• **Work instructions**: Transcribe the data in full, keeping each line exactly as it appears.
........
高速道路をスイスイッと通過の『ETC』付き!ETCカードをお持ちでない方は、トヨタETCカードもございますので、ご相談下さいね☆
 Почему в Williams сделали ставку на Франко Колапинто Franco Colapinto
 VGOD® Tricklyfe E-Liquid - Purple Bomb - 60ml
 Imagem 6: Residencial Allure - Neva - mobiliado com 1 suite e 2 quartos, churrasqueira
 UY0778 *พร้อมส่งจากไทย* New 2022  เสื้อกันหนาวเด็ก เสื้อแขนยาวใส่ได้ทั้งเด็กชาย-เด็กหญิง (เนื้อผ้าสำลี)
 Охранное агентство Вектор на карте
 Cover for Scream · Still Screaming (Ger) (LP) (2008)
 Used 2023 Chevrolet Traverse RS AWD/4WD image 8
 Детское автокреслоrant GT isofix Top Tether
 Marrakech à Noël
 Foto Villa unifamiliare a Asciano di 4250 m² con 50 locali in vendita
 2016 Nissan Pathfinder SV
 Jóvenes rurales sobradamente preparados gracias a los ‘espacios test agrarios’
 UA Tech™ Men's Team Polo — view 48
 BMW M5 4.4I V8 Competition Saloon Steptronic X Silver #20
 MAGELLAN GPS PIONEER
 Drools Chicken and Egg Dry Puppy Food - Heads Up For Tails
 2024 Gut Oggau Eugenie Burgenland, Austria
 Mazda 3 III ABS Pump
........
• **Answer box**:
高速道路をスイスイッと通過の『ETC』付き!ETCカードをお持ちでない方は、トヨタETCカードもございますので、ご相談下さいね☆
 Почему в Williams сделали ставку на Франко Колапинто Franco Colapinto
 VGOD® Tricklyfe E-Liquid - Purple Bomb - 60ml
 Imagem 6: Residencial Allure - Neva - mobiliado com 1 suite e 2 quartos, churrasqueira
 UY0778 *พร้อมส่งจากไทย* New 2022  เสื้อกันหนาวเด็ก เสื้อแขนยาวใส่ได้ทั้งเด็กชาย-เด็กหญิง (เนื้อผ้าสำลี)
 Охранное агентство Вектор на карте
 Cover for Scream · Still Screaming (Ger) (LP) (2008)
 Used 2023 Chevrolet Traverse RS AWD/4WD image 8
 Детское автокреслоrant GT isofix Top Tether
 Marrakech à Noël
 Foto Villa unifamiliare a Asciano di 4250 m² con 50 locali in vendita
 2016 Nissan Pathfinder SV
 Jóvenes rurales sobradamente preparados gracias a los ‘espacios test agrarios’
 UA Tech™ Men's Team Polo — view 48
 BMW M5 4.4I V8 Competition Saloon Steptronic X Silver #20
 MAGELLAN GPS PIONEER
 Drools Chicken and Egg Dry Puppy Food - Heads Up For Tails
 2024 Gut Oggau Eugenie Burgenland, Austria
 Mazda 3 III ABS Pump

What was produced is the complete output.